■ **Task directions**
Give again, word for word, the lines below that run from the line with "Normal Fleece Full" through the line with "Pack Telaraña Halloween". Drop the pictures.

■ **Dataset records**

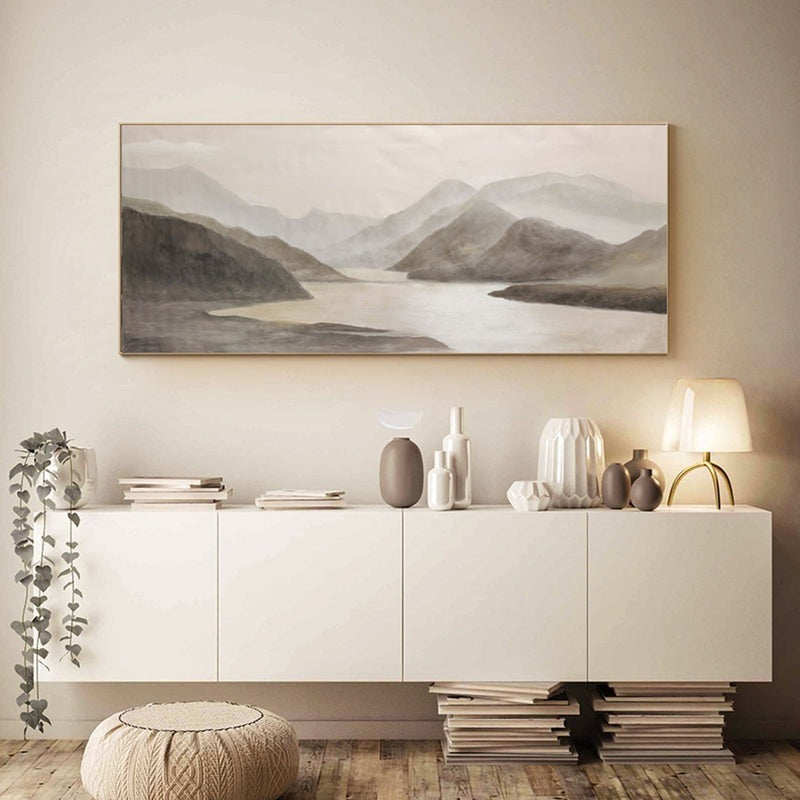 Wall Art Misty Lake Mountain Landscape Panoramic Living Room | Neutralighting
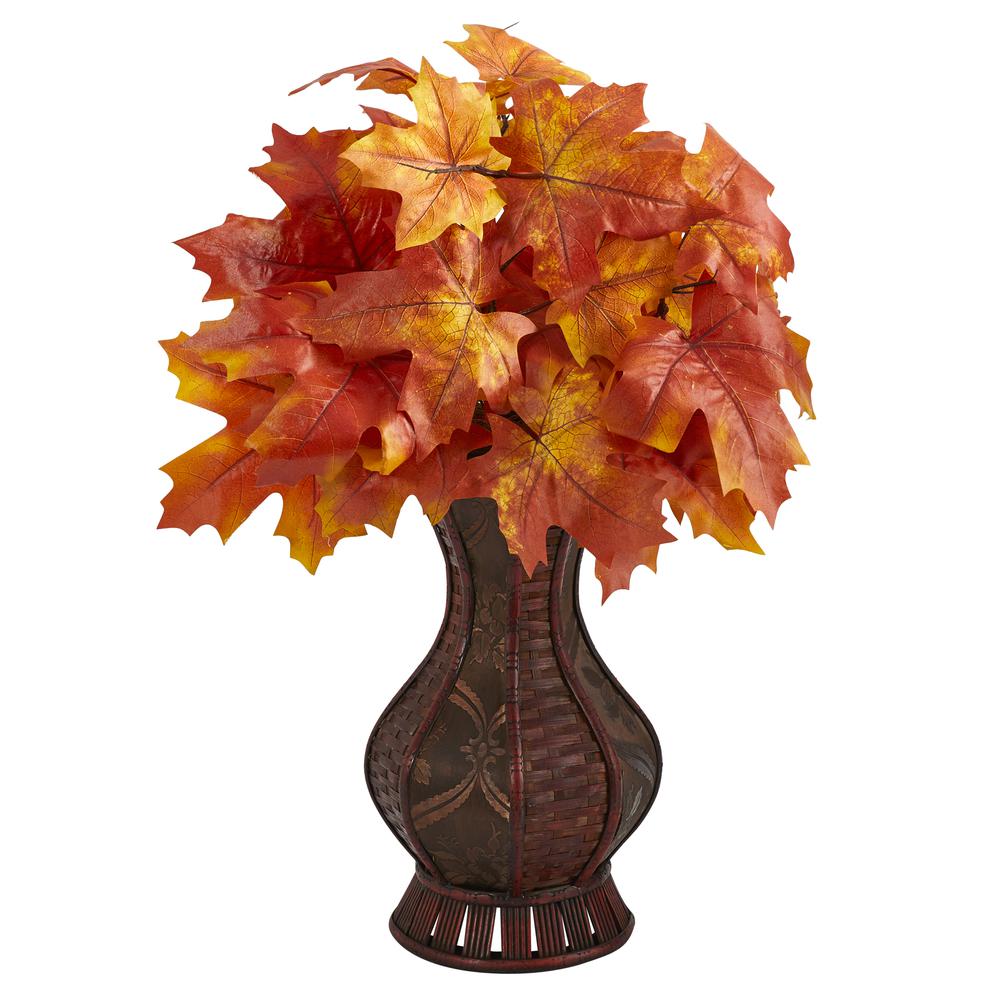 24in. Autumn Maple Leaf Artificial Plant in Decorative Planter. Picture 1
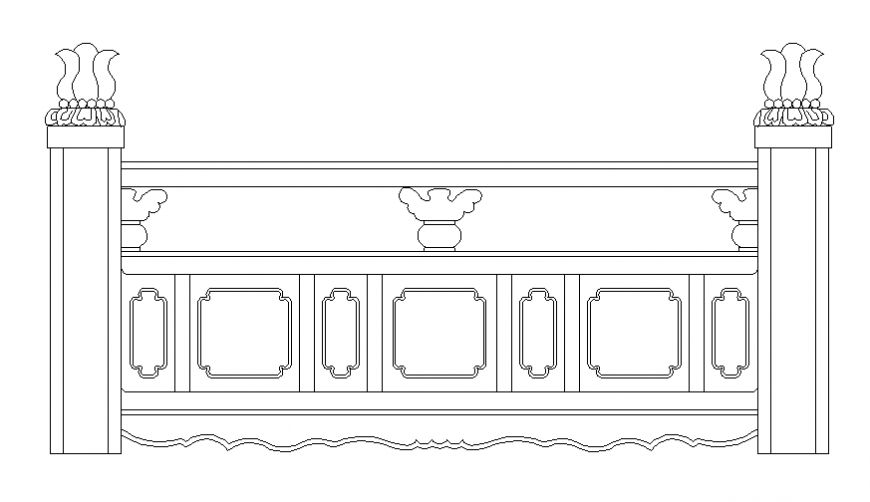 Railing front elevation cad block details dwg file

==

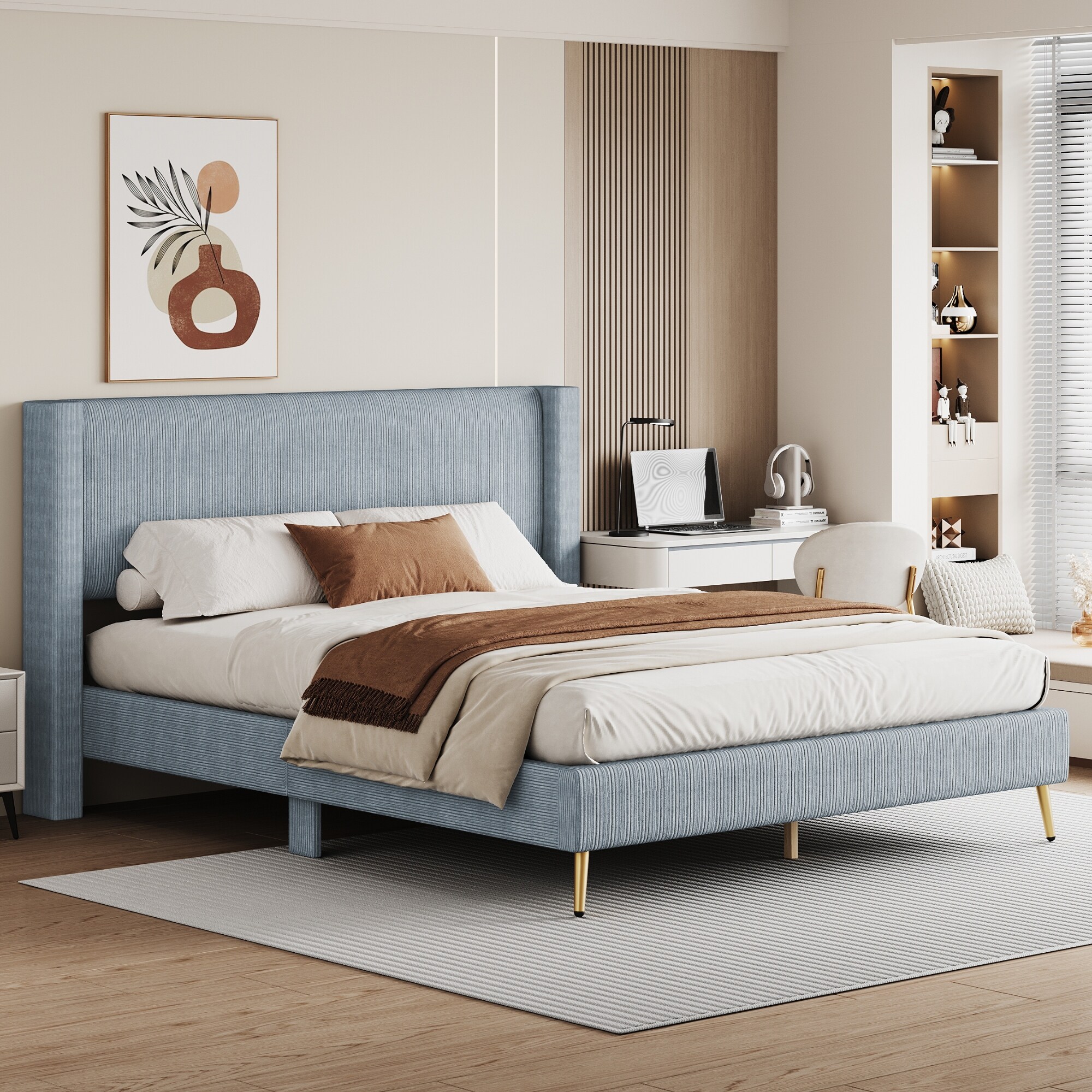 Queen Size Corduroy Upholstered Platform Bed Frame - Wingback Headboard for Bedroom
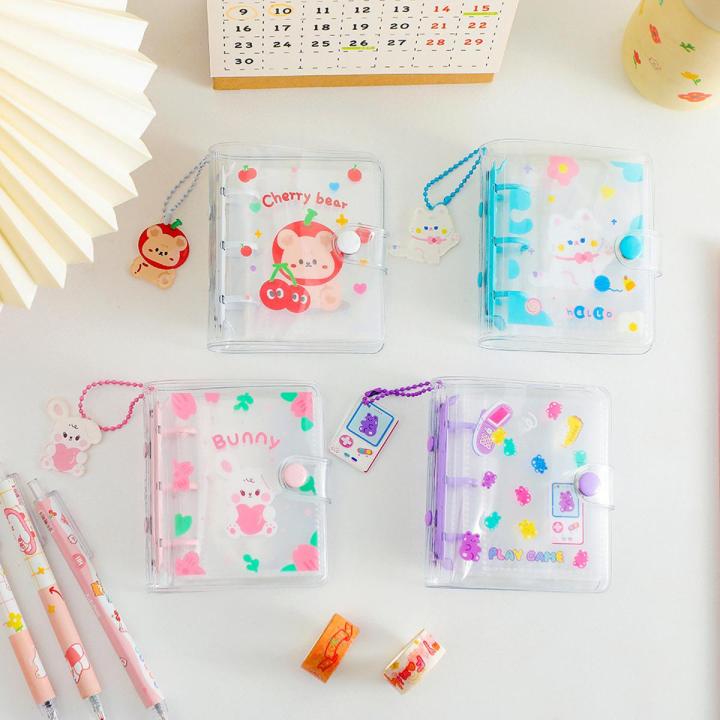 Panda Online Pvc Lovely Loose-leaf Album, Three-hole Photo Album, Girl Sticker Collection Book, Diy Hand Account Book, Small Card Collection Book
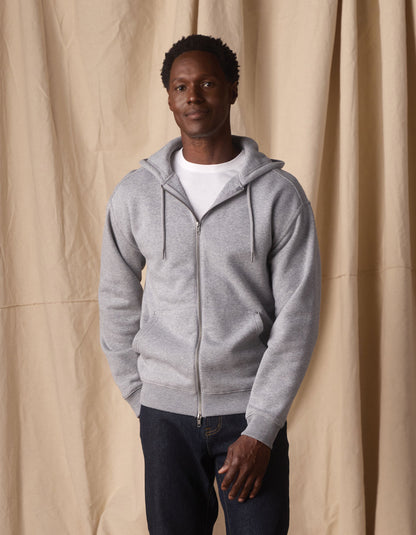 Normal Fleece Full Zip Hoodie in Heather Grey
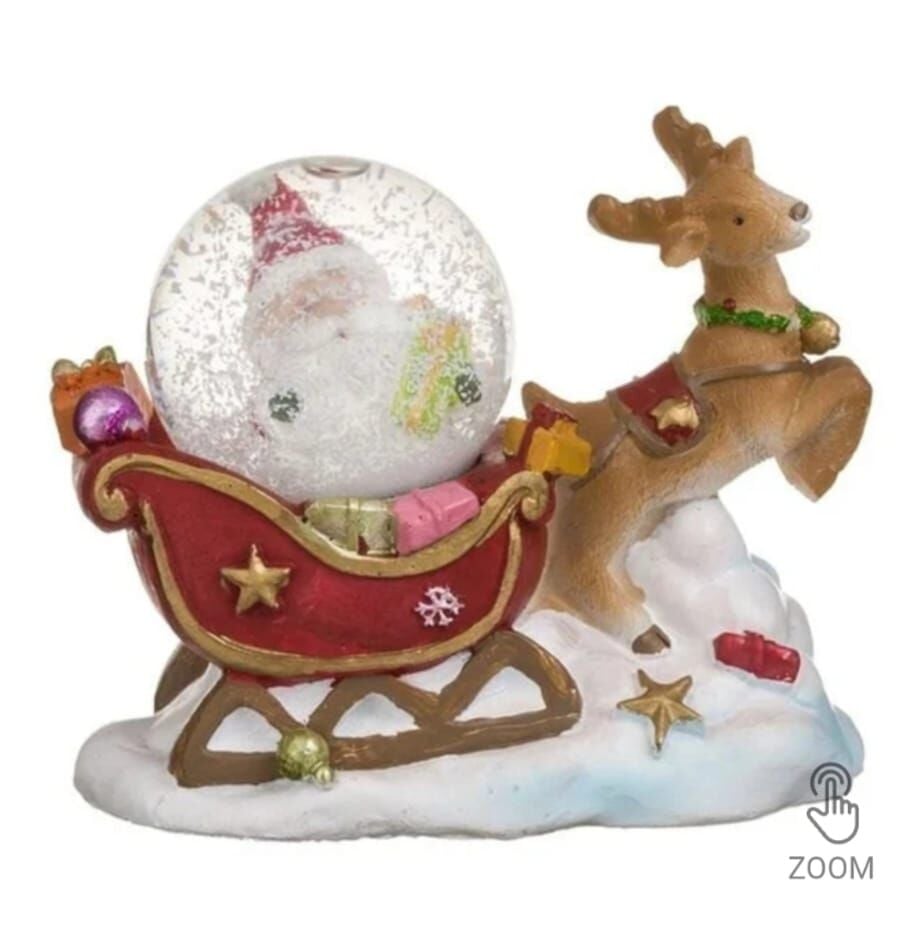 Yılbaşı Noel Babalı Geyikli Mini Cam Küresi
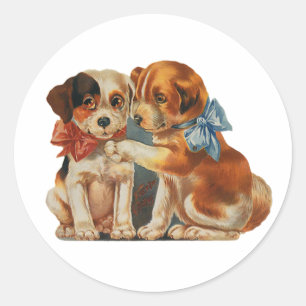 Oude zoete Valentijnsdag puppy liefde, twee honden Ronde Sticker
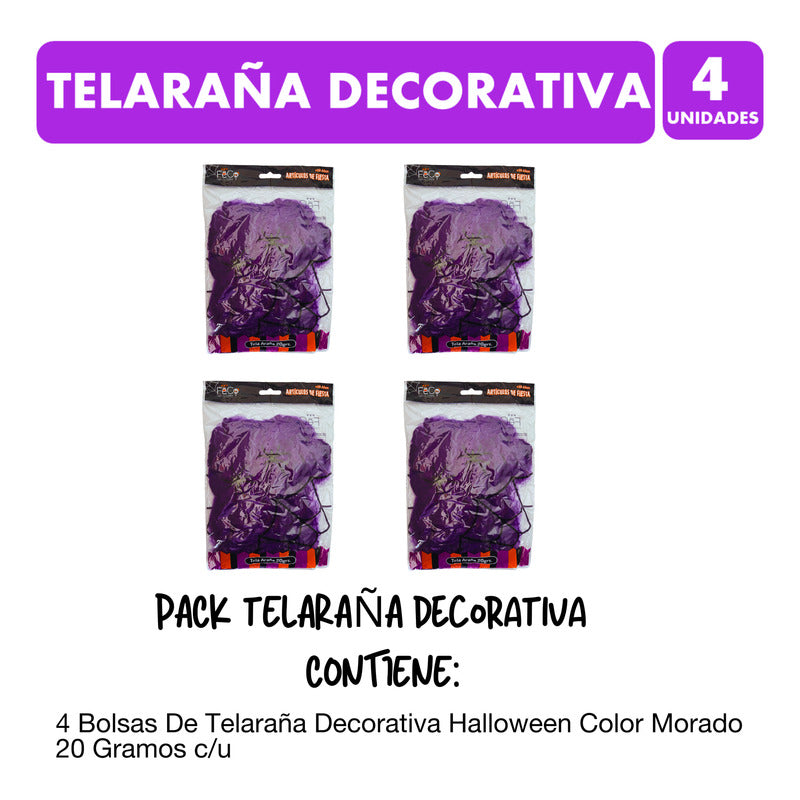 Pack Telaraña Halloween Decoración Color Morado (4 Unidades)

■ **Output of the task**
 Normal Fleece Full Zip Hoodie in Heather Grey
 Yılbaşı Noel Babalı Geyikli Mini Cam Küresi
 Oude zoete Valentijnsdag puppy liefde, twee honden Ronde Sticker
 Pack Telaraña Halloween Decoración Color Morado (4 Unidades)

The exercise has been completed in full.